The history of Hamilton seems unlikely at best, maybe as unlikely as a budding nation, making a go of it in a new world.
Actor, composer and producer Lin-Manuel Miranda was on vacation in Mexico in 2008, in a hammock, relaxing. He picked up a little “light reading” — the 800-page historical biography, Alexander Hamilton, by Rob Chernow.
And, like in any good work of writing, the story sprang to life. Miranda could visualize the characters (and real-life figures) “jumping off the page, shouting to him in rhyme and verse,” according to one interview.
No powdered white wigs. No buckle shoes. And no corsets atop hoop skirts.
Just hip hop.
Fast forward one year. Miranda is invited by President Barack and First Lady Michelle Obama to perform at the White House Evening of Poetry, Music and the Spoken Word. Instead of selecting a song from his recent Broadway show, In the Heights, he opted to perform “The Hamilton Mixtape.”
When he introduced the number by explaining that Alexander Hamilton “embodies hip-hop,” the audience laughed. In fact, Miranda later told “Tonight Show” host Jimmy Fallon that he knew Hamilton was a bad elevator pitch. “Rapping founders? I think the audience really thought it was a joke.” But when his work on Hamilton was finished, laughter was replaced with admiration.
Hamilton took some time to finish after its introduction at the White House. It is reported that he worked on the songs “Alexander Hamilton” and “My Shot” for a year…each. Then, he performed 12 of his songs at Lincoln Center’s American Songbook series in 2012 before beginning workshops in 2014.
Finally, seven years after that “relaxing” vacation, Hamilton was on a fast track. It debuted off-Broadway at New York’s Public Theatre in January 2015, moved to Broadway’s Richard Rodgers Theatre in July, launched multiple national tours and European productions, and in 2020, released a capture of the original Broadway cast on Disney+.
The response was one for the record books.
Hamilton won the Grammy Award for musical theater album, 11 Tony Awards (out of a record-setting 16) and the Pulitzer Prize for Drama. According to a 2020 report in Broadway World, more than 2.6 million people have seen Hamilton on Broadway and another 7.8 million at theatres across the country, which doesn’t account for an undisclosed number of people who experienced the Disney+ streaming version, which earned “Hamilton” an Emmy Award.

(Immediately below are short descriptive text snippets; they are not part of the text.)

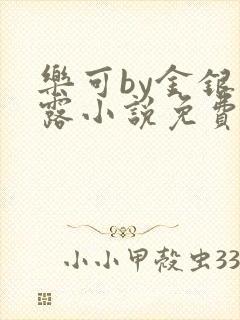 乐可by金银花露小说免费阅读封面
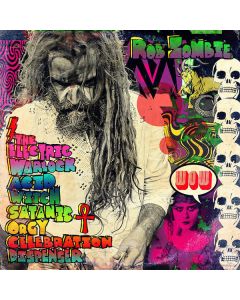 The Electric Warlock Acid Witch Satanic Orgy Celebration Dispenser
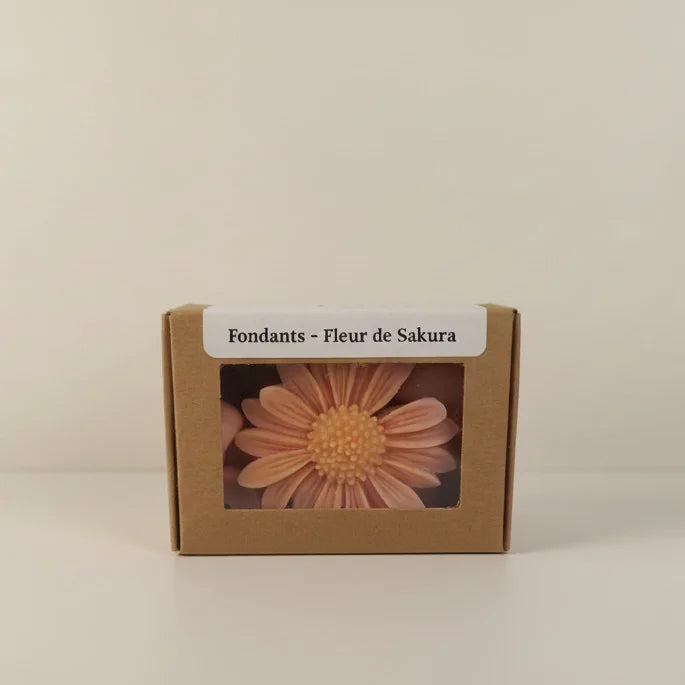 Fondant parfumé cire végétale fleur de sakura LN Cosmétique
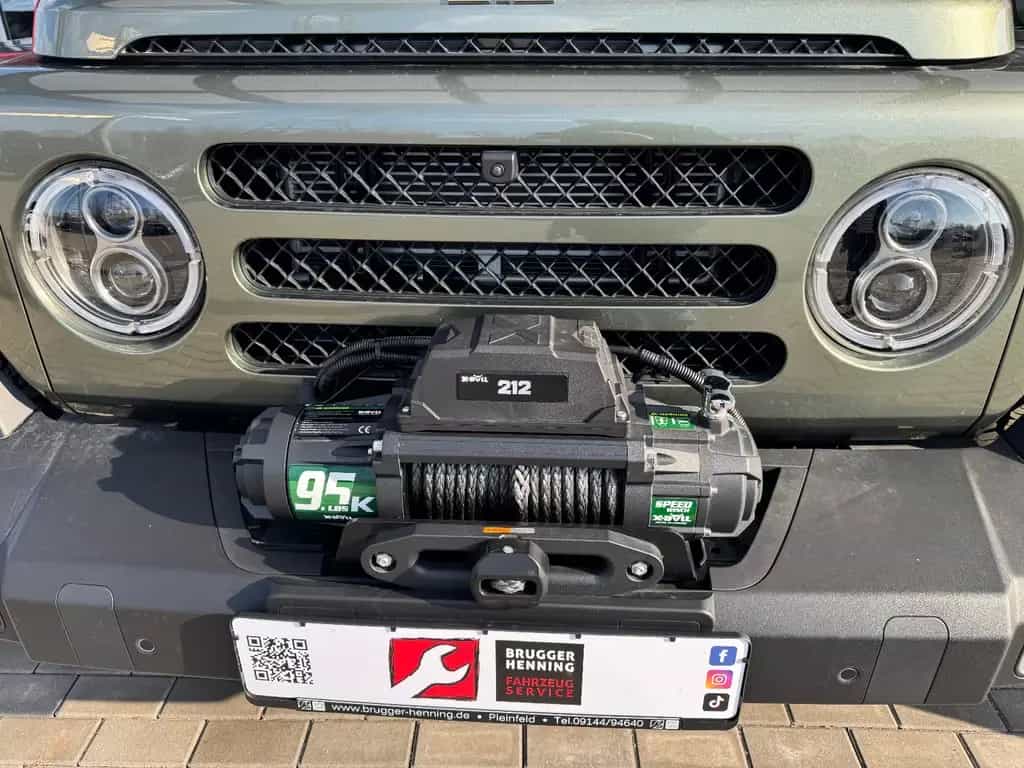 BAW 212 Leder/Seilwinde/LED/4WD/AT... null-photo-13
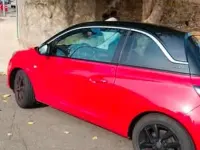 Usata Opel Adam 2006 Rosso Utilitaria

This highly inspired story of a historical figure became a part of the mainstream, and Miranda became a household name. As the Chicago Tribune quipped, “When’s the last time a Broadway star became a pop culture figure? This crossover of musical theatre into the vernacular of everyday people — most of whom have never seen the show but can sing it — illustrates its staying power.”
But why? A fresh approach to history? The infusion of hip hop and rap that attracts a different audience? The power of compelling storytelling? Yes, yes and yes.
And… Miranda’s goal. “This is a story about America then, told by America now, and we want to eliminate any distance — our story should look the way our country looks,” he said to The New York Times. So the original cast — and all casts since — reflected the diversity of the country now based on the revolutionary aspirations of our founding father then.
According to Insider, “For Miranda, representing the spirit of Alexander Hamilton, the spirit of the Founding Fathers, and the spirit of the American Revolution, which emulates that of American hip-hop, was more important than visual historical accuracy.”
As a consultant, Alexander Hamilton biographer Ron Chernow was regularly brought into the development process. And after the initial surprise at the diverse casting, he realized it was more than novelty; it brought an extra layer of significance to the musical.
“Within seconds you forget what racial or ethnic group [the actors] belong to,” Chernow said to Playbill. “I felt within a matter of minutes…this is an inspired idea because these young performers are not only bringing extraordinary talent…they were already getting closer to the spirit of the American Revolution than anything I had seen either on stage or screen.”
Will Hamilton have the lasting power in America of the U.S. Constitution or the financial system, both of which are legacies of the real man, Alexander Hamilton? Only time will tell, but the lasting impact on a generation of new theatre-goers is indisputable. Suddenly, 18th century history is not only interesting but accessible. It is not only relatable, but it’s cool. And beyond all doubt, our Founding Fathers and the very fabric of our evolving, growing, continually revolutionary country are inspiring.